We only consider unrooted trees, i.e. connected acyclic graphs (VE). A weighted X-tree is a quadruple \((V,E,q,\mu )\), where (VE) is a tree, \(\mu :X\rightarrow V\) is a (not necessarily injective) map and \(q:E\rightarrow \mathbb {R}_{>0}\) is a weight function. Additionally, it is required that all vertices \(v\in V\) of degree \(\le 2\) are included in \(\mu (X)\). Identifying isomorphic variants, let the tree space T(X) be the set of all weighted X-trees. Unweighted phylogenetic X-trees are characterised by all edges having weight 1 and by \(\mu \) being an injective map onto the set of all vertices \(v\in V\) of degree 1, which implies absence of vertices of degree 2. The corresponding subspace of T(X) will be denoted \(T_1(X)\). In a binary (bifurcating) phylogenetic X-tree, all vertices have degree 1 or 3. We denote the set of binary phylogenetic X-trees by \(T_1^2(X)\).

For an X-tree, \(\tau =(V,E,q,\mu )\) denote the induced semimetric on X by \(\rho _\tau \):

$$\begin{aligned} \rho _\tau (x,y)=d_{(V,E)}^q(\mu (x),\mu (y)), \quad x,y\in X. \end{aligned}$$

This means that \(\rho _\tau (x,y)\) is the length of the shortest path between the leaves (labelled) x and y.
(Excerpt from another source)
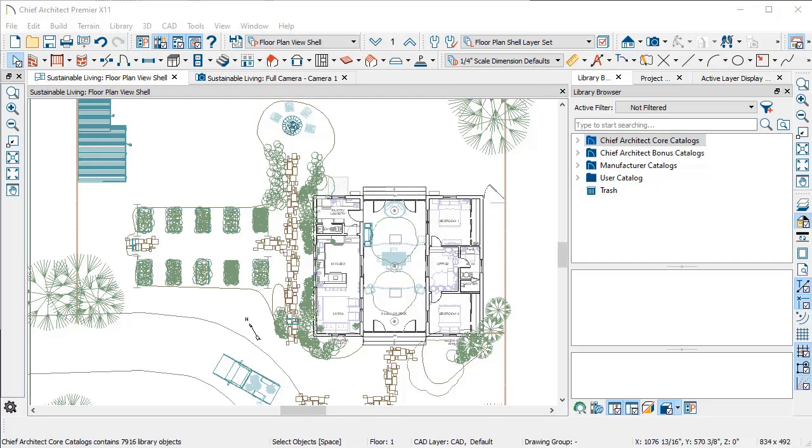Probably the biggest productivity tool in Chief Architect is save plan views, active defaults, and setting up your own templates. These are crucial to getting your designs started on the right foot and making sure that your interface is customized to the way that you work.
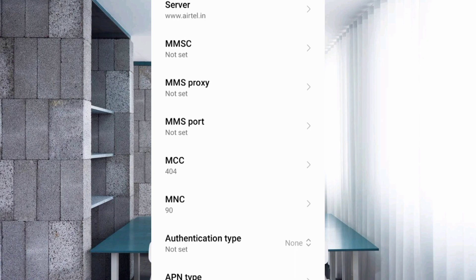MMSC — not set. MMS Proxy — not set. MMS Port — not set. MCC — not set. MNC — not set. Do not change the MCC and MNC settings, as they depend on your area. Scroll down.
Then, we define for two weighted X-trees \(\tau ,\tau '\in T(X)\) and \(i=1,2,\infty \)

$$\begin{aligned} D_i(\tau ,\tau ')=\tilde{D}_i(\rho _\tau ,\rho _{\tau '}). \end{aligned}$$

Again, all three \(D_i\) are metrics on tree space. This can be seen from the following characterisation of tree-induced semimetrics, provided in essence by Buneman (1971).

Lemma 3

For \(\rho \in M(X)\), there exists a weighted X-tree \(\tau \) with \(\rho =\rho _\tau \) if and only if for all \(x,y,z,w\in X\) the four-point condition

$$\begin{aligned} \rho (x,y)+\rho (z,w)\le \max (\rho (x,z)+\rho (y,w), \rho (x,w)+\rho (y,z)) \end{aligned}$$
(4)

is fulfilled.

Given such a \(\rho \in M(X)\), all X-trees \(\tau \) with \(\rho =\rho _\tau \) are isomorphic.

Proof

Necessity of (4) is proved in the same way as for metrics \(\rho \), see Lemma 7.1.7 of Semple and Steel (2003).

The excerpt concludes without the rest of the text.